Das komplette Fahrzeug ist aus leicht tragbaren Modulen vor Ort schnell zusammengebaut. Das erleichtert den Transport und gibt den Experten die Möglichkeit, durch Modulauswahl fallweise das richtige Werkzeug einzusetzen. So stehen neben einer Vier-Farb-Kamera zahlreiche Module bereit wie beispielsweise unterschiedliche Waffen (um z. B. Schlösser aufschiessen zu können), Module mit Röntgengerät, eine Wasserstrahlschneideeinheit und vieles mehr. Ein optionaler Anhänger kann zusätzliche Ausrüstung transportieren.

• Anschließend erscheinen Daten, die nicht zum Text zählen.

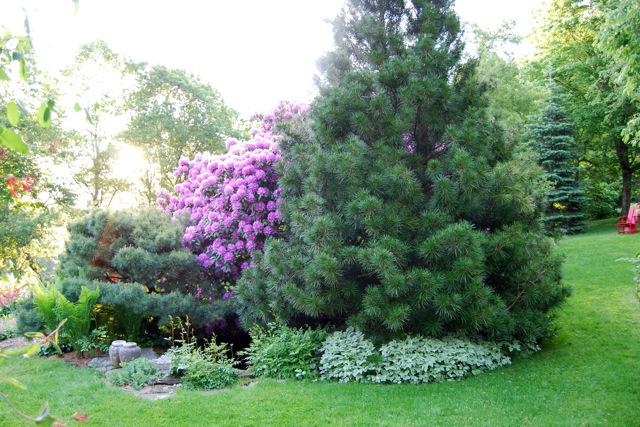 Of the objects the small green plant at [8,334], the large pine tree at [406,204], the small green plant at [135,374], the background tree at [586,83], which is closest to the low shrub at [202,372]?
the small green plant at [135,374]

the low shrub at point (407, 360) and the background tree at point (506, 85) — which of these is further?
the background tree at point (506, 85)

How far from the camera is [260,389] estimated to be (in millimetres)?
5496

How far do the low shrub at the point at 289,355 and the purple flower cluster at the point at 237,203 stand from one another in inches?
79.4

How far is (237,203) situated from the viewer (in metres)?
8.08

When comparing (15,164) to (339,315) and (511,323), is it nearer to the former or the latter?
(339,315)

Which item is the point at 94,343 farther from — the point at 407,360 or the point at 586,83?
the point at 586,83

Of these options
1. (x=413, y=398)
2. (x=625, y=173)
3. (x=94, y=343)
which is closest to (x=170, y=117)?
(x=94, y=343)

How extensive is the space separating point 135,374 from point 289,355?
1.76 meters

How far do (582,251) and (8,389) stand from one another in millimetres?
12132

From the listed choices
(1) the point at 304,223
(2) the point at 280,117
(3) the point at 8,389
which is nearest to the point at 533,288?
(1) the point at 304,223

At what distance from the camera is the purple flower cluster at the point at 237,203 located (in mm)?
7977

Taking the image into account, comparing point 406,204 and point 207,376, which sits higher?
point 406,204

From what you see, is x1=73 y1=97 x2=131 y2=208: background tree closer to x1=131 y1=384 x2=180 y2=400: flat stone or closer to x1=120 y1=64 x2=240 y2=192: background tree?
x1=120 y1=64 x2=240 y2=192: background tree

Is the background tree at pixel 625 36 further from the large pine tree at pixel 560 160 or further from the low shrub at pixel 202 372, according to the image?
the large pine tree at pixel 560 160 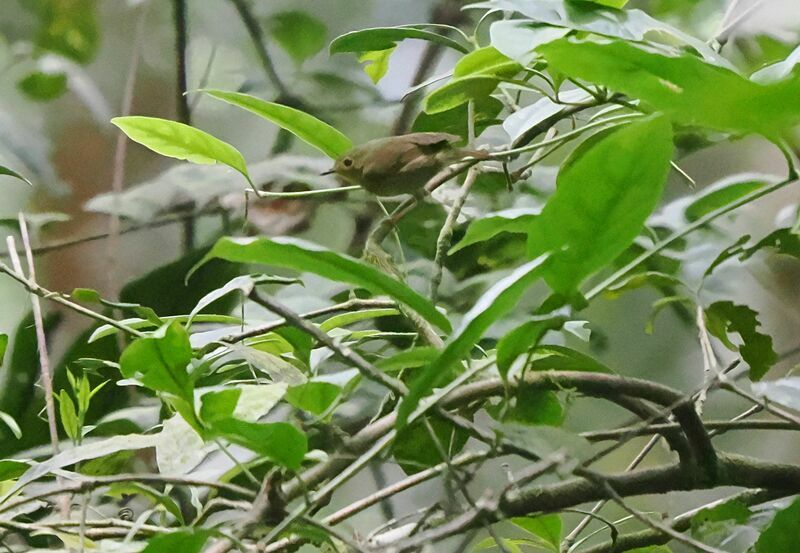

Individuelle Lösungen aus dem Baukasten
So unterschiedlich wie die Einsatzbereiche sind auch die eingesetzten Antriebe. Alle unterliegen jedoch Universalanforderungen wie Zuverlässigkeit, kleinstmögliche Bauform, hohe Leistung bei feinfühligem Betrieb und ein möglichst hoher Wirkungsgrad für eine lange Akkueinsatzdauer. Die Produktphilosophie des Guardian und die der Antriebsmotoren von Faulhaber gleichen sich insofern, als in beiden Fällen auf ein modular aufgebautes Produkt für einen möglichst weiten Einsatzbereich gesetzt wird.
Je nach Aufgabe werden Motoren und Getriebe ausgewählt und entsprechend der Leistungsanforderung kombiniert. So erhalten die 4 Antriebsmodule ihre Kraft durch je einen Motor mit 38 mm Durchmesser und mit durchmesserkonformem Planetengetriebe. Mit über 200 W und rund 150 mNm an der Motorwelle reichen die zusammen rund 1 PS leistenden Motoren aus, um das Fahrzeug samt Ausrüstung durchs Gelände oder über Steigungen zu bewegen.
Zwei baugleiche Motoren mit anderer Untersetzung sind für das Heben und Senken des Teleskopauslegers zuständig. Durch die breite Getriebepalette an Untersetzungen können so Abtriebsdrehmoment und Geschwindigkeit in beiden Fällen optimal gewählt werden. Kleinere 32-mm-Motoren mit rund 80 W fahren den Teleskoparm ein und aus. Um das Kopfgewicht klein zu halten, bedienen leichte Antriebe mit 26 mm Durchmesser und 44 W Leistung die Funktion «Kopf drehen und kippen». Die Kamera und optionale Waffen wiederum werden über 2 gleiche Antriebe mit 23 mm Durchmesser und rund 20 W bewegt. Der Manipulator dagegen arbeitet funktionsbedingt mit je einem 23- und einem 26-mm-Antrieb.
Alle Motoren sind in robuster DC-Bürstentechnik aufgebaut und können so bereits bei kleinsten Spannungen anlaufen. Auch die vergleichsweise einfache und robuste Antriebssteuerung über Pulsweitenmodulation ist für diesen Einsatzfall ideal geeignet.